Artists and walls
Walls are large, blank surfaces, highly visible, and
– especially in towns and cities – they are everywhere. Not surprisingly, they become a space for creative outpourings, opinion, information, advertisements, protest, beautification, celebration, and sometimes desecration.
Graffiti, it is said, started with the tag. The style of graffiti that we have become familiar with in the cities of South Africa originated in New York at the end of the 1960s. Street artists using spray cans created rapid but often beautiful “calligraphy” on the sides of subway trains. These designs were mostly elaborate signatures, called tags: the secret alphabets of particular artists, working quickly in the night. The tag was both the artist’s code name and a visual label. The trains on which they painted were moving “canvases”, seen for miles as they travelled, by thousands of people. Graffiti literally travelled fast.

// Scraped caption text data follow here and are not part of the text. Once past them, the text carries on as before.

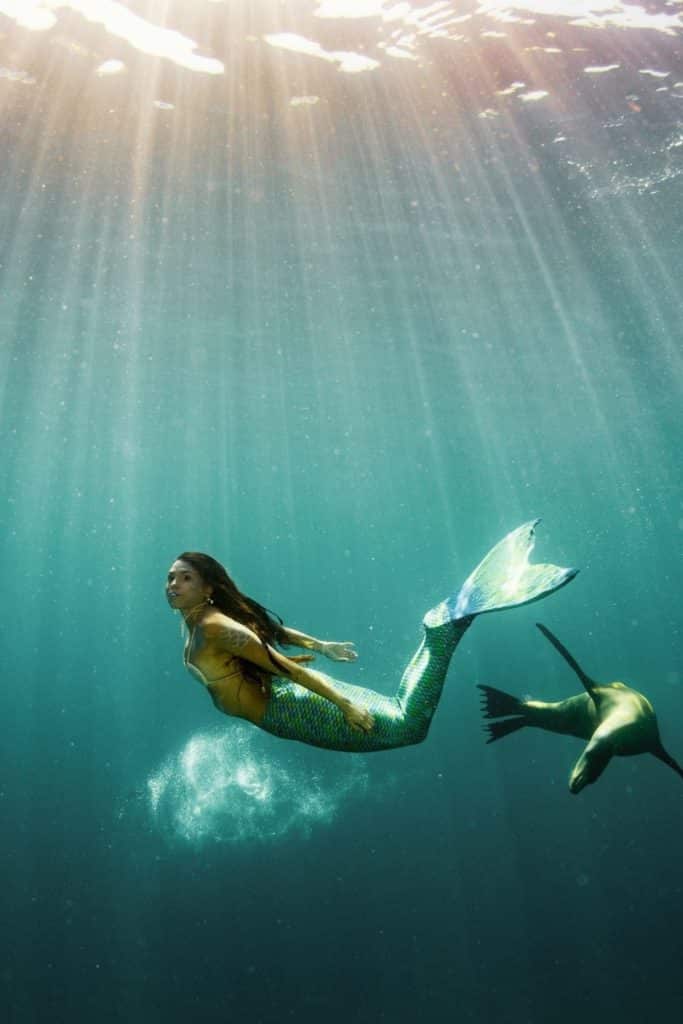 Photo of a mermaid swimming in the ocean next to a seal with sunrays beaming down toward her.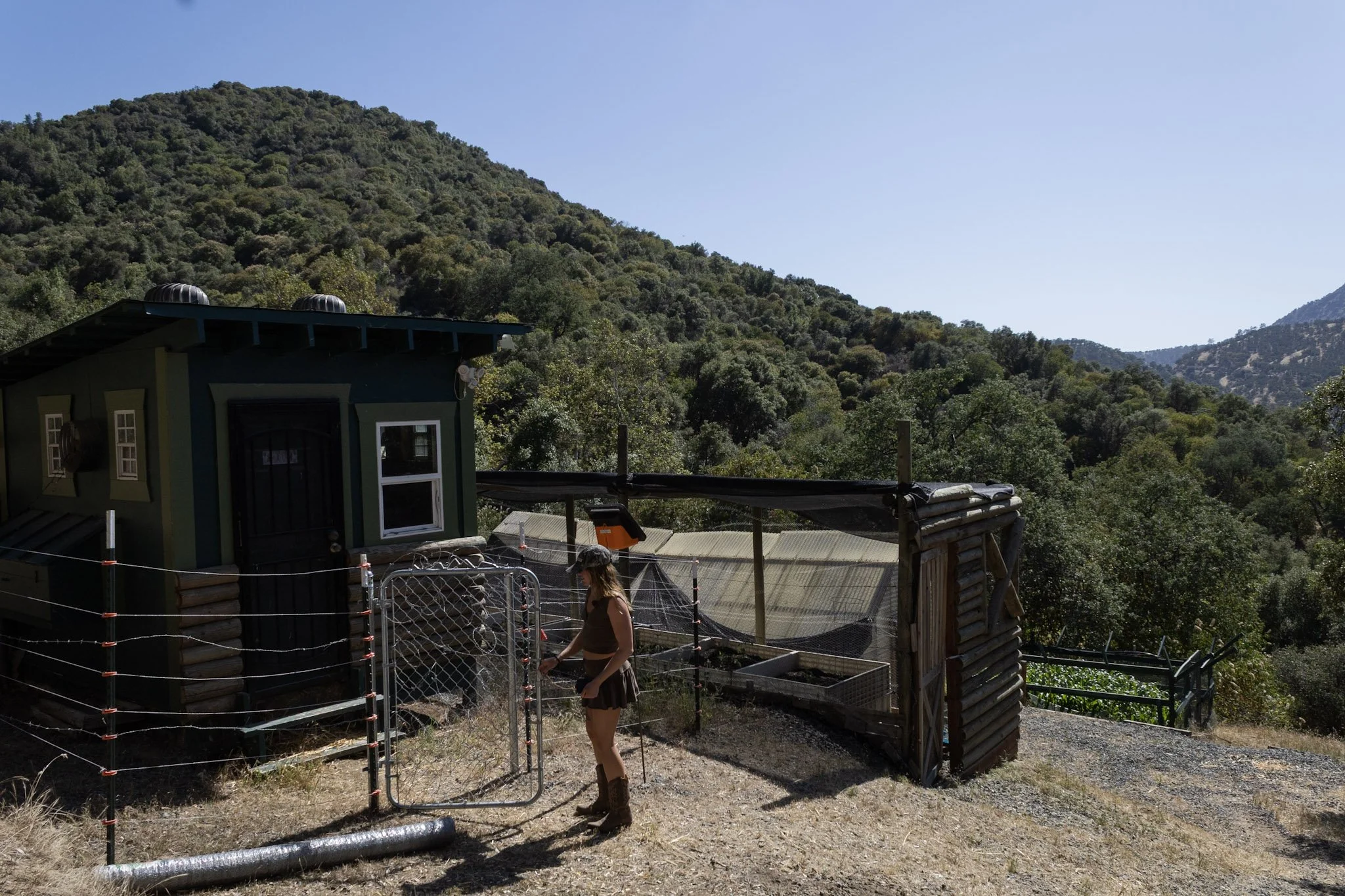 Outdoor farm area at Baxter Ranch near the greenhouse and chicken coop, featuring fenced spaces, mountain views, and a peaceful countryside setting surrounded by forested hills.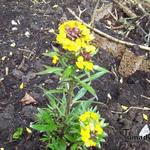 Erysimum 'Yellow Bird' - 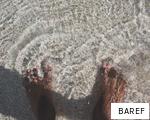 BAREF anagram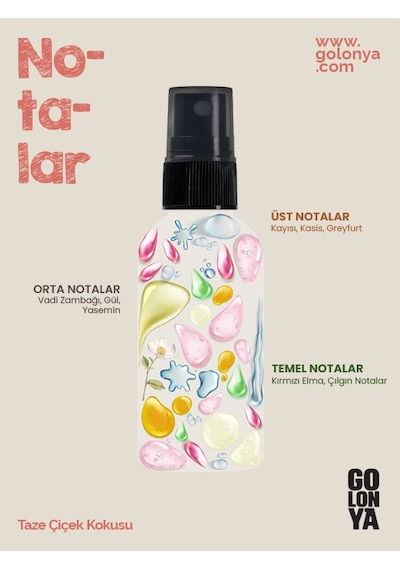Golonya Aqua + Fresh Blossom + Remix + Spice Sprey Kolonya 4 x 100 ML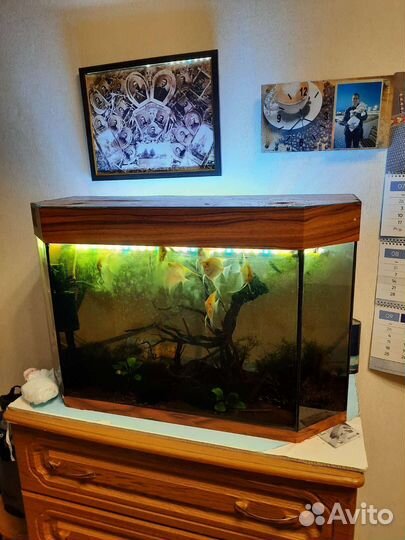 Аквариум с рыбками
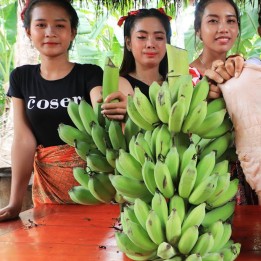 Bornean håriga bananfrön (Musa hirta) - 3.825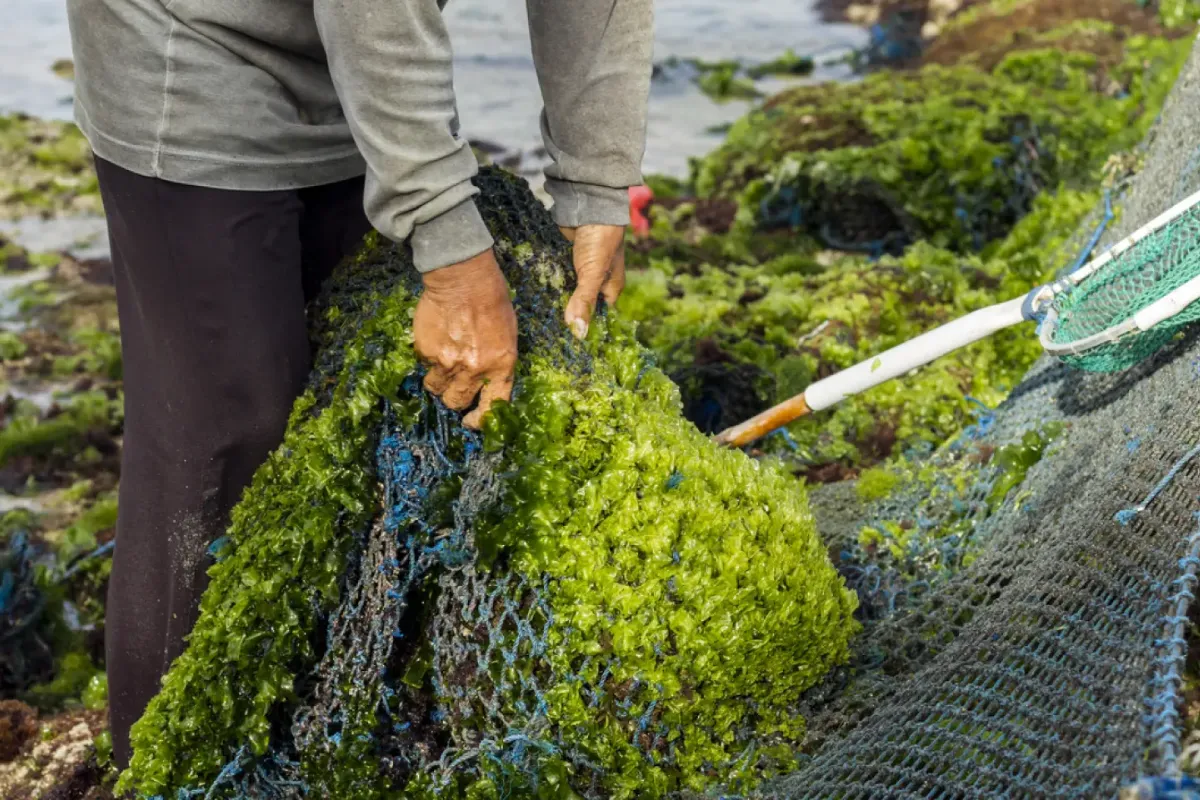 blue-forests-of-zanzibar-empowering-coastal-communities-through-climate-smart-seaweed-farming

Indeed it has now travelled throughout the world. Why does street art and graffiti have so strong a presence and energy? In large cities everywhere, there are invariably parts that become decayed, alienating, and neglected. High walls can become inhuman, the spaces between them run down and blighted.

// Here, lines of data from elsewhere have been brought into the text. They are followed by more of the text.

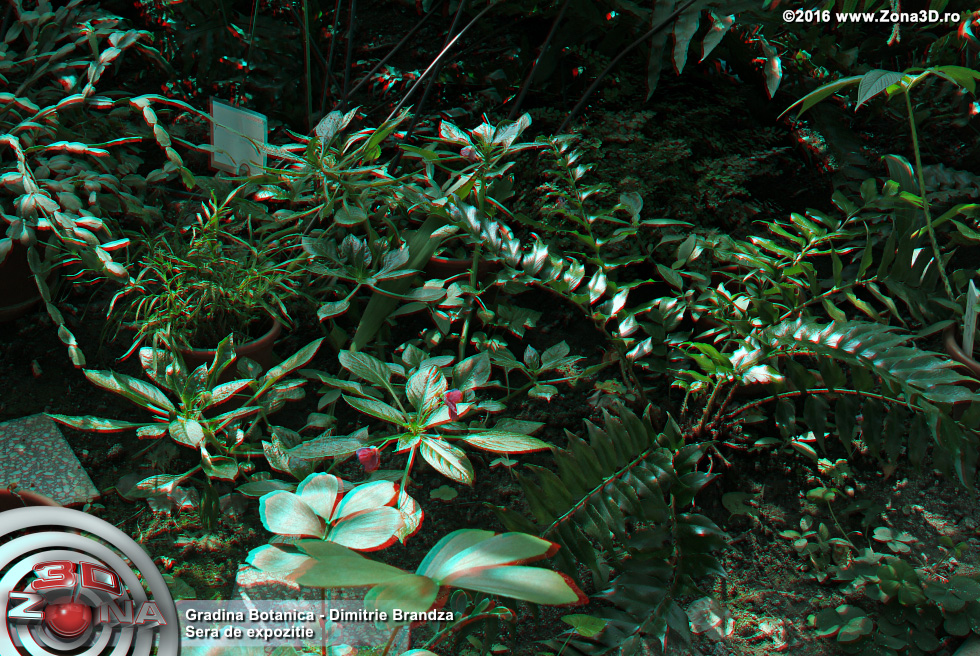 ZONA3D.ro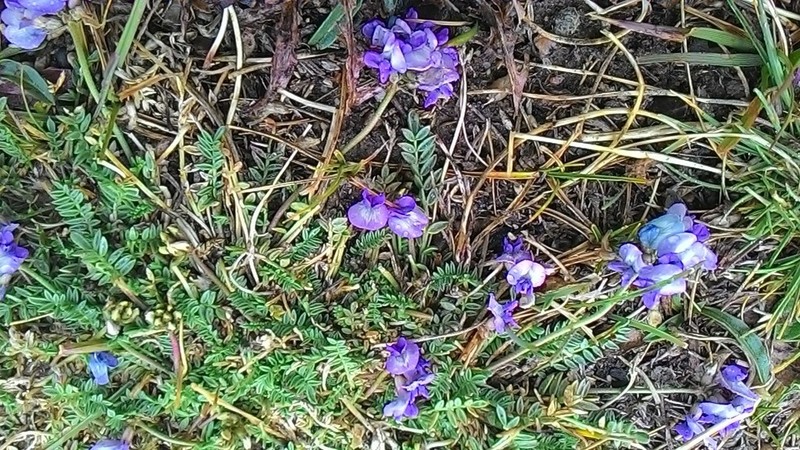 Oxytropis saposhnikovii photo 8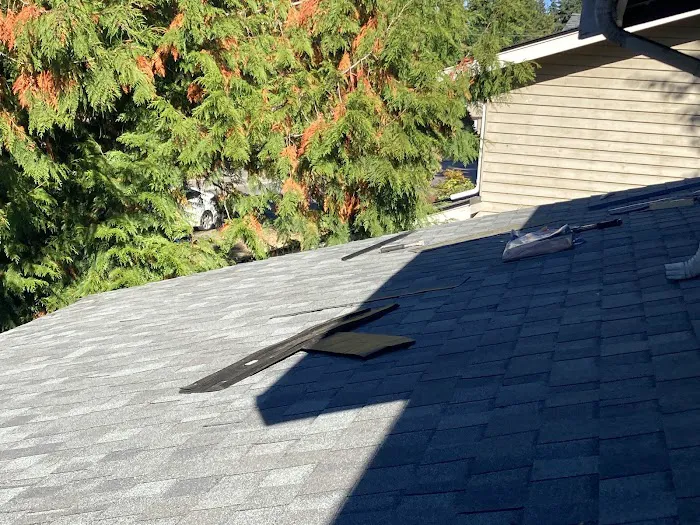 Pacific Pro's Contracting LLC Picture 5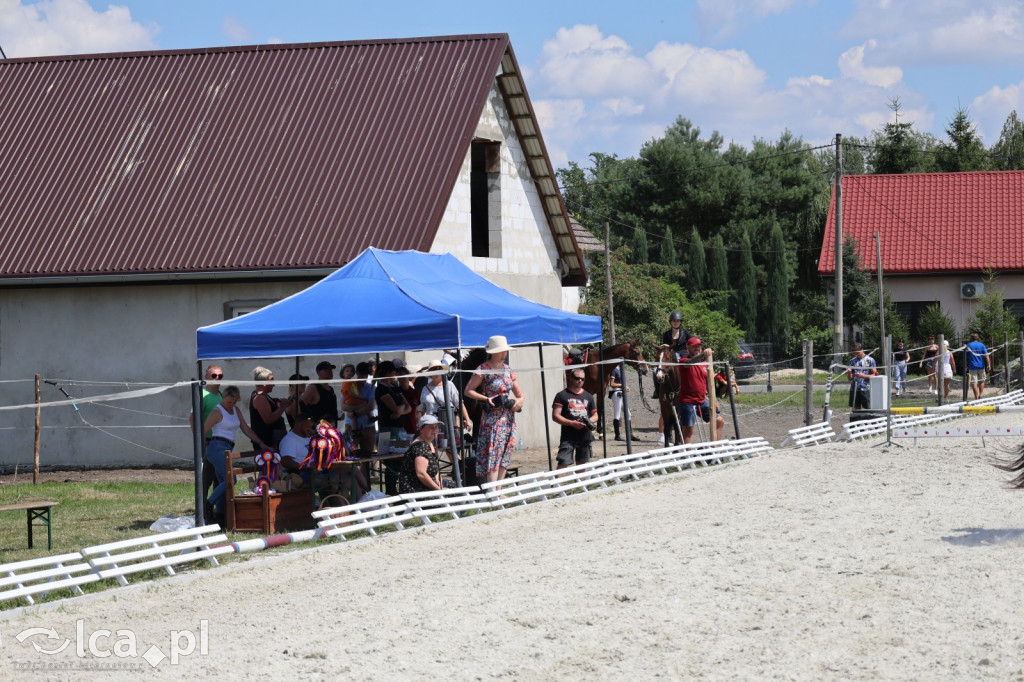 Familijne Ujeżdżenie i Podskoki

Graffiti and mural art can change one’s experience of such spaces: it is not created by city officials, but by people who live their lives there. Walls might be the place to show defiance and anger; yet increasingly, instead, mural paintings are being made that humanise, beautify, amuse, and astonish.
Some wall artists work alone, using nothing but their spray cans, and perhaps a ladder. Others work in teams with massive equipment, like cranes and scaffolding, creating murals that cover multi-story buildings. Either way, according to Johannesburg graffiti artist Rasti Knayles, this impulse stems ultimately from the desire to leave one’s mark. “It is to say ‘I was here.’”

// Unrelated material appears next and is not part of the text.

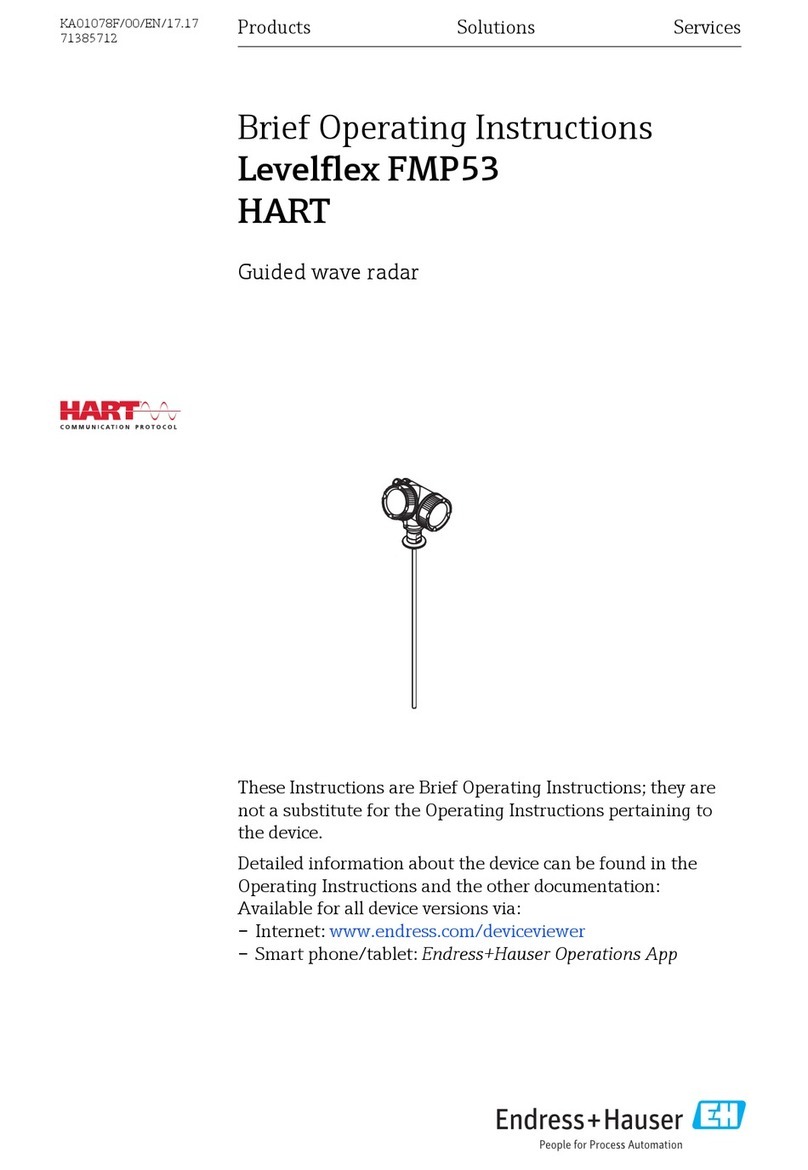 Endress HART Levelflex FMP53 Technical specifications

Knayles embraces the short-lived nature of this kind of art. He enjoys the fact that other artists will soon spray new images over his own. He compares wall art – in that sense – to the rock art of the San, who simply added new images over old, creating a palimpsest of overlapping forms.
Another mural artist in Johannesburg, Breeze Yoko, celebrates the public nature of his art-making because people engage with it: they stop, and debate, question and respond. He too speaks of a continuity with San rock painting, but the link for him is his subject matter: animals. Life-size cows might seem incongruous on walls in inner-city Johannesburg; for Yoko, however, they are a symbol of African values. “People relate, they recognize themselves. I am trying to develop an African voice in this art-form – otherwise who are we talking to?”